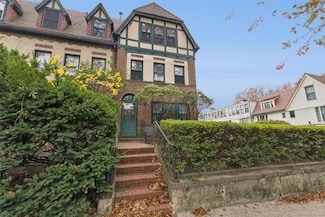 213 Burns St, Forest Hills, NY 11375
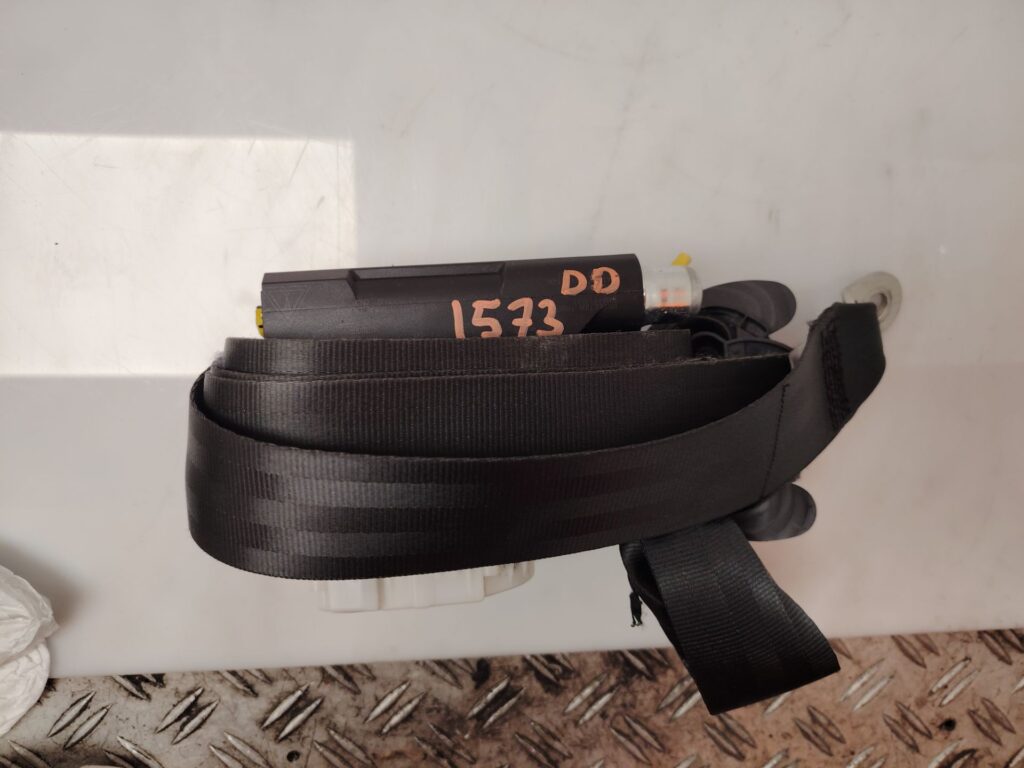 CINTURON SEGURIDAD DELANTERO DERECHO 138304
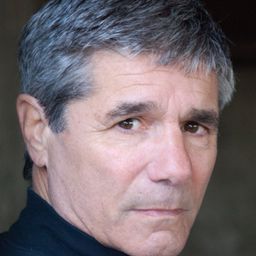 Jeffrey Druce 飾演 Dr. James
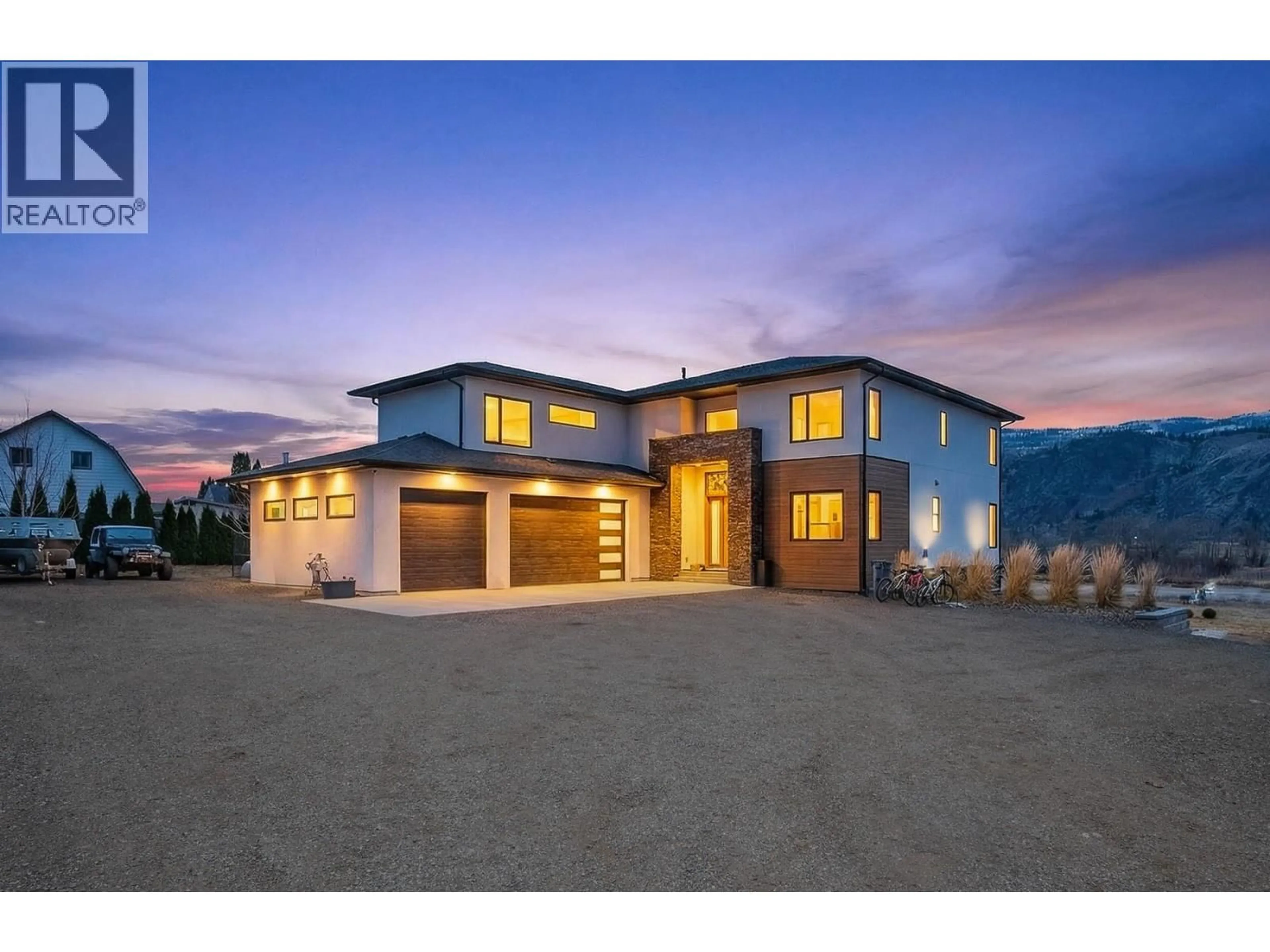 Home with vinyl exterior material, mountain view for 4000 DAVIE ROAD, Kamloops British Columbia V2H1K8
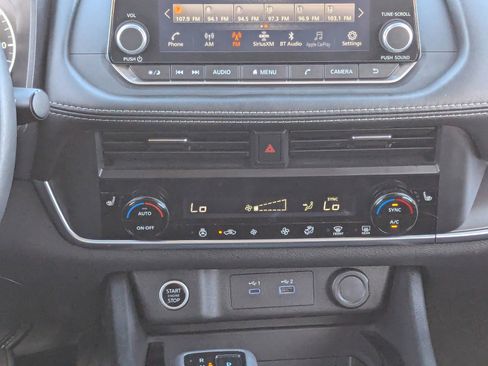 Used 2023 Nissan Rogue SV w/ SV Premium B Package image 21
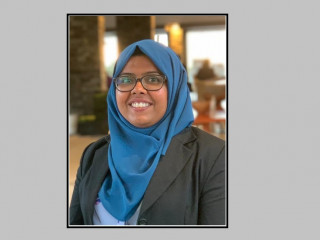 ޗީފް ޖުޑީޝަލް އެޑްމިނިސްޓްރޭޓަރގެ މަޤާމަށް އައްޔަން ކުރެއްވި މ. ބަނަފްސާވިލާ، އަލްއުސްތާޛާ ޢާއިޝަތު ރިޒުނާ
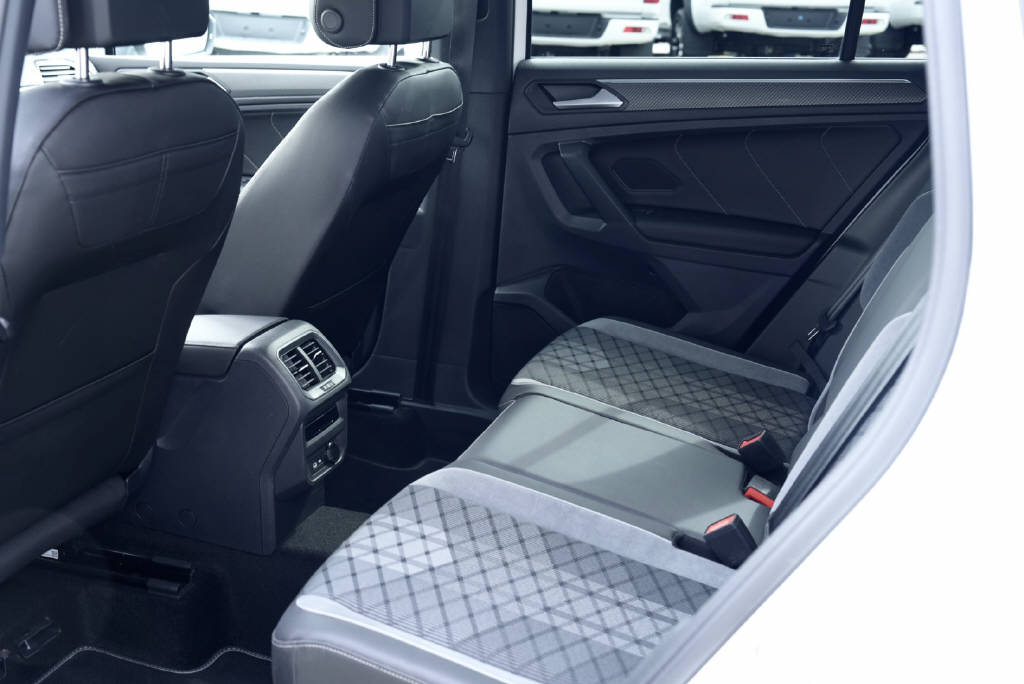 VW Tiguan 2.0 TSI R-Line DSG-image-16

#####

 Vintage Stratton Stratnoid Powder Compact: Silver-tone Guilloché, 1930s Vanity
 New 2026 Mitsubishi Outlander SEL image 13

#####

Everything from the line with "Vintage Stratton Stratnoid" through the line with "New 2026 Mitsubishi Outlander SEL image 13" in the listing above must be retyped exactly, with nothing added.

 Vintage Stratton Stratnoid Powder Compact: Silver-tone Guilloché, 1930s Vanity
 New 2026 Mitsubishi Outlander SEL image 13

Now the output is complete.